Oslo, Norway, Dec. 10--In his speech accepting the Nobel Peace Prize, Costa Rica's President Oscar Arias Sanchez implores the superpowers to "let Central Americans decide the future of Central America."
Washington, Dec. 10--Soviet leader Mikhail S. Gorbachev suggests to President Reagan in a White House stroll that limits might be placed on Soviet military aid to Nicaragua if U.S. aid to the Contras is curtailed.
Washington, Dec. 10--Maj. Roger Miranda Bengoechea, former chief aide to Nicaraguan Defense Minister Humberto Ortega, tells U.S. journalists in his first interview since defecting from the Sandinista Popular Army that Nicaragua plans a military buildup to 500,000 regular and reserve forces by 1995.
Washington, Dec. 10--Ambassador-designate Richard H. Melton testifies in Congress that the monitoring of Nicaraguan compliance with the regional peace plan authored by Arias will require a "strong U.S. Embassy" in Managua.

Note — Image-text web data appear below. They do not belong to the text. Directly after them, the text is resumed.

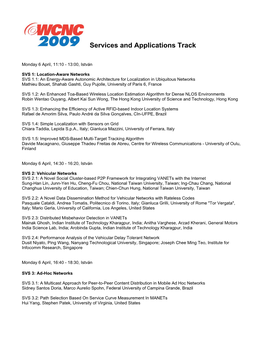 Services and Applications Track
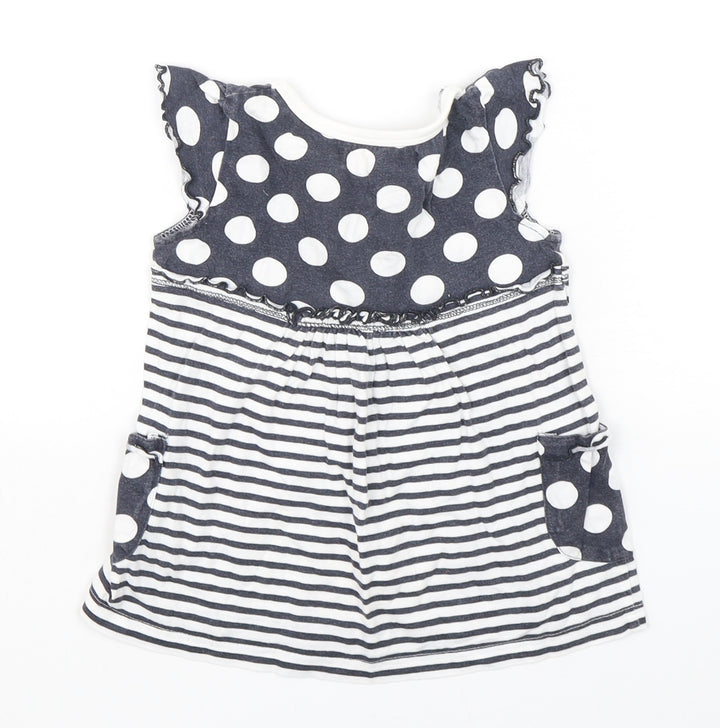 Funky Diva Girls Multicoloured Striped Cotton Basic T-Shirt Size 2-3 Years Round Neck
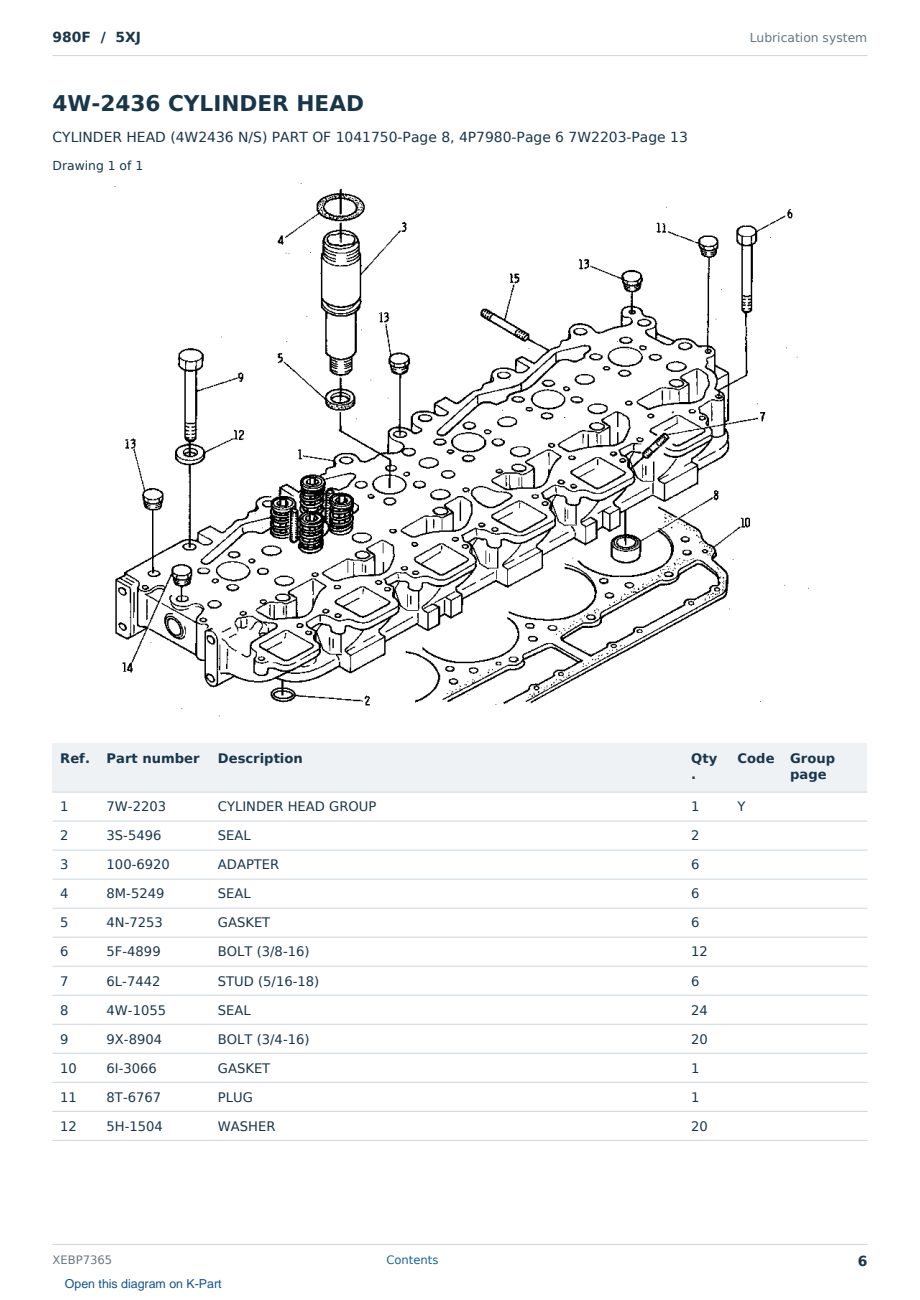 Caterpillar 980F S/N 5XJ Partsbook XEBP7365 (English) - sample page 6 of 10 Caterpillar 980F S/N 5XJ Partsbook XEBP7365 (English) - sample page 6 of 10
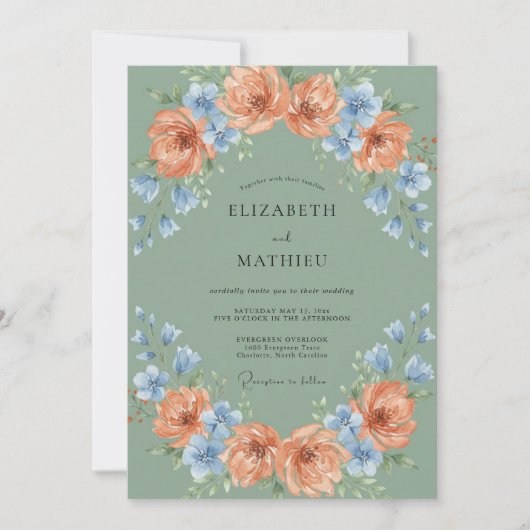 Invitation Mariage Floral Bleu Pêche Sage (Devant)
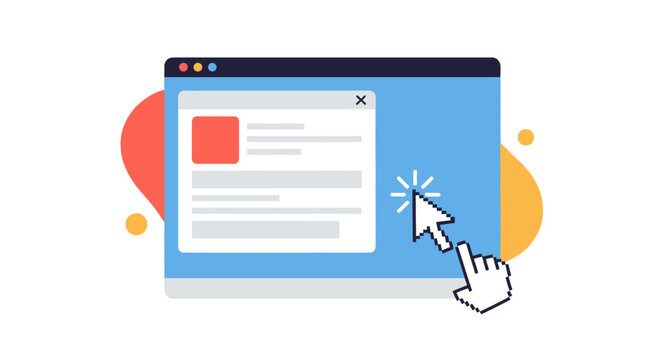 Computer Screen with Cursor Clicking on a Button.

The competing and contrasting events of that one Thursday earlier this month reveal more transparently than usual the game of international politics that is being played out over Central America. Messages are sent out like so many billiard balls to ricochet off one another, and on occasion they obtain the desired result through a two- or even three-cushion shot.
Arias has been among the most adept, demonstrating that angle shots are crucial to any successful game. When the Sandinistas are proving difficult in negotiations, he discourages intractability by raising the specter of a U.S. invasion if the peace process fails. Sandinista supporters denounce him, but others get the message. In Oslo he condemns in the strongest terms the Reagan Administration's request for continued Contra aid. A certain U.S. assistant secretary of state will mumble epithets about the Costa Rican in private, but crucial European support will be solidified and House Democrats' opposition strengthened.
The tragic part of Washington's game is that it has more to do with domestic politics than with the dynamics of Central America. Jim Wright, the wily House majority leader, signed onto an Administration peace plan that he knew was close enough to a forthcoming Central American accord to be superseded by it. When the five Central American presidents signed the accord in August, Wright had what he needed: a real alternative to Contra aid that the Democrats might be able to ride into the 1988 elections.
El Savador's President Jose Napoleon Duarte, his eye on a possible Democratic succession in the White House, let himself be persuaded by congressional liberals to sign the accord in Guatemala City and to concede enough to keep the peace process going. The reward? Unrestricted aid for his failing government. While a good bargain for the peace process, this means that El Salvador can continue to ignore the need for dramatic reforms and alternatives to massive aid from the United States.
While most of the players plod along carefully, Nicaragua can be counted on for the break shots. The Sandinistas continually frustrate U.S. opponents of Administration policy by acting as if they are still running a guerrilla revolution instead of engaging in interest-group politics. If U.S. aid to the Contras can be a bargaining chip, so can Nicaraguan aid to the Salvadoran guerrillas. If the Soviets can concentrate the Sandinista mind with delayed oil shipments to encourage the signing of the Guatemala accord, the Sandinistas can make public secret plans for future Soviet aid that Moscow might be tempted to negotiate away in the interests of superpower rapprochement.
These games that nations play are as old as history, but the Central America contest has a new, added technology trap: All the players see one another's moves instantly, and the temptation is to react as quickly. Accustomed as it is to applying brawn rather than brains to foreign-policy problems, the United States is especially disadvantaged in the micropower politics of the region. While political spaces in Central America open and close with rapidity, Washington lumbers along, lacking the domestic consensus that is essential to political agility.